Two humble food stalls in Singapore became the first street vendors to receive a Michelin star last week. These Michelin-starred stalls were included among the dining venues of the new Singapore guide.
Singapore is the first south-east Asian country in the world, and the fourth in Asia, awarded by the Michelin Guide.
The owner of one of the food stalls was very delighted with the international award and expects it will stimulate young people to run the hawker food business which actually is managed by senior chefs.
The stalls recognized by a Michelin-star have not immediate intention to raise the price of their dish so they don’t reach the high levels of the Michelin-star prices.
There are other Asian countries that have been recognized by the Michelin guide such as Tokyo becoming the first Michelin-starred ramen noodle bar in the world. The modest seat-avenue with low prices was rated for its amazing foodie options.

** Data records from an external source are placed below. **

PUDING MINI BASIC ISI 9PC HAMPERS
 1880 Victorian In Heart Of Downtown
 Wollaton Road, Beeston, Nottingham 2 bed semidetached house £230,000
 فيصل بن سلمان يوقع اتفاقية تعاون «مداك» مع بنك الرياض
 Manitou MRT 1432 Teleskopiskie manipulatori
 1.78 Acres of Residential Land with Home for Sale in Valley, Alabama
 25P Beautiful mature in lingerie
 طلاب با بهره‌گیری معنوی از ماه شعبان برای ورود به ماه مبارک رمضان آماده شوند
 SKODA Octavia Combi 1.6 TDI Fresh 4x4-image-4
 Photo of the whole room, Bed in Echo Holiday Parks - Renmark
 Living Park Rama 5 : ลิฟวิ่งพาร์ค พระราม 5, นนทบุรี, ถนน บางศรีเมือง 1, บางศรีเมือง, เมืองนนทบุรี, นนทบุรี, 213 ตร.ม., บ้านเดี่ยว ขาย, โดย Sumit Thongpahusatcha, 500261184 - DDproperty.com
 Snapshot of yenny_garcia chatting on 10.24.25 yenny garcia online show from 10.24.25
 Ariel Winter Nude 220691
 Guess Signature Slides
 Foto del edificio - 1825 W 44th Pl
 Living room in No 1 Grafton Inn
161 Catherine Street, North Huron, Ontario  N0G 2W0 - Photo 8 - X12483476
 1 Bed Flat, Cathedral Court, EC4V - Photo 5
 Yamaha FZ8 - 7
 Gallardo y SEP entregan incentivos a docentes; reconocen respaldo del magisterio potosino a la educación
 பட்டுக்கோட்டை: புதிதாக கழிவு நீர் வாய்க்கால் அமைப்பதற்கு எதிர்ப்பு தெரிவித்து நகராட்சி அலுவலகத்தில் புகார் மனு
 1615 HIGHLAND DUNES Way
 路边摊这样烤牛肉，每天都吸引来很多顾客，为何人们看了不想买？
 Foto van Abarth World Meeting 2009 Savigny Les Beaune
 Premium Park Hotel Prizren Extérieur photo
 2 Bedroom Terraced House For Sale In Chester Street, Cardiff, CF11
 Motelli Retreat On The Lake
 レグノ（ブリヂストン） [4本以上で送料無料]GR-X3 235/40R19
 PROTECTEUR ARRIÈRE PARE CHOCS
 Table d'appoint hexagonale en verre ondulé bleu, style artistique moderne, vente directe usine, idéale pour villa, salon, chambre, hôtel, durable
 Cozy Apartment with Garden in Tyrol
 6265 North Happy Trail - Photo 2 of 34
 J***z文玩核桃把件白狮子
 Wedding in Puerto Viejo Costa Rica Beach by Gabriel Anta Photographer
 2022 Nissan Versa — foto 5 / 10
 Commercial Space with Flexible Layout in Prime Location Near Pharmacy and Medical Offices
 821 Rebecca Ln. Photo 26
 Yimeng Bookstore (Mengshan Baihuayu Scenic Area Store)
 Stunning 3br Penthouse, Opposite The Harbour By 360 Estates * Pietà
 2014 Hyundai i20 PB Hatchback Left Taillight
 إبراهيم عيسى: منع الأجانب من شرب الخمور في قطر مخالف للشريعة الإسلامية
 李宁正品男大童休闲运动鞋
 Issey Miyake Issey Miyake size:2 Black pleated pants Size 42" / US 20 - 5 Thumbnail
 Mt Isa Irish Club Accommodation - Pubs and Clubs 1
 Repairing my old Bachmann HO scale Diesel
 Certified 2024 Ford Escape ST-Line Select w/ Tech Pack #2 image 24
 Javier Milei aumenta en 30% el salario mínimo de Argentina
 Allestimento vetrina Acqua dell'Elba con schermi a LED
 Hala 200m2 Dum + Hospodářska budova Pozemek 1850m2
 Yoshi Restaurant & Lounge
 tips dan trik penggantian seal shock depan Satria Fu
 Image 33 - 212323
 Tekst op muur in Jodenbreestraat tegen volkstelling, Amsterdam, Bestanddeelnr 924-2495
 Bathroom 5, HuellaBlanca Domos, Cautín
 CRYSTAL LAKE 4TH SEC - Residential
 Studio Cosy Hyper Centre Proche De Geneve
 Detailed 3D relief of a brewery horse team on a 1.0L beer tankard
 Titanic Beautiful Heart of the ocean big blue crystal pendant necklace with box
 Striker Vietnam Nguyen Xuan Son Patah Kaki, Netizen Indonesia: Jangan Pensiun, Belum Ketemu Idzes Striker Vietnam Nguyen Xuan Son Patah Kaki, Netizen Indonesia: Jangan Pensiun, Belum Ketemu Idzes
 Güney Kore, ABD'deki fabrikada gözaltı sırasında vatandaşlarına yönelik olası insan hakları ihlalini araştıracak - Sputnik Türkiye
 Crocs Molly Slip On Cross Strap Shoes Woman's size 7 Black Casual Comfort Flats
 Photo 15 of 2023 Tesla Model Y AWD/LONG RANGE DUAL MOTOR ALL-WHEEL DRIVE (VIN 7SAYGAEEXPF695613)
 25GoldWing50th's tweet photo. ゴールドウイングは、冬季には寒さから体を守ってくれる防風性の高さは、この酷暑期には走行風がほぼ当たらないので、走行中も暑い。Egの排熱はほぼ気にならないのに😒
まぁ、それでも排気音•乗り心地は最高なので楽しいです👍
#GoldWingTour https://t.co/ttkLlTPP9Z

And a Japanese ramen restaurant had been crowned with a star Michelin. Of course, it was unexpected because ramen has been regarded as cheap and tasty fast food. And I thought it was a good idea to have Michelin modest restaurants with a cheap menu where customers are seduced by the quality of a bowl of noodles. It’s not easy to make good ramen because the noodles are alive so they can absorb too much water or become too wet.
So maybe expensive restaurants aren’t always the best restaurants because local restaurants with bargain prices can make dishes which are exceptional using the high quality of ingredients and unusual flavours in order to make something new. So foodie food isn’t linked to price.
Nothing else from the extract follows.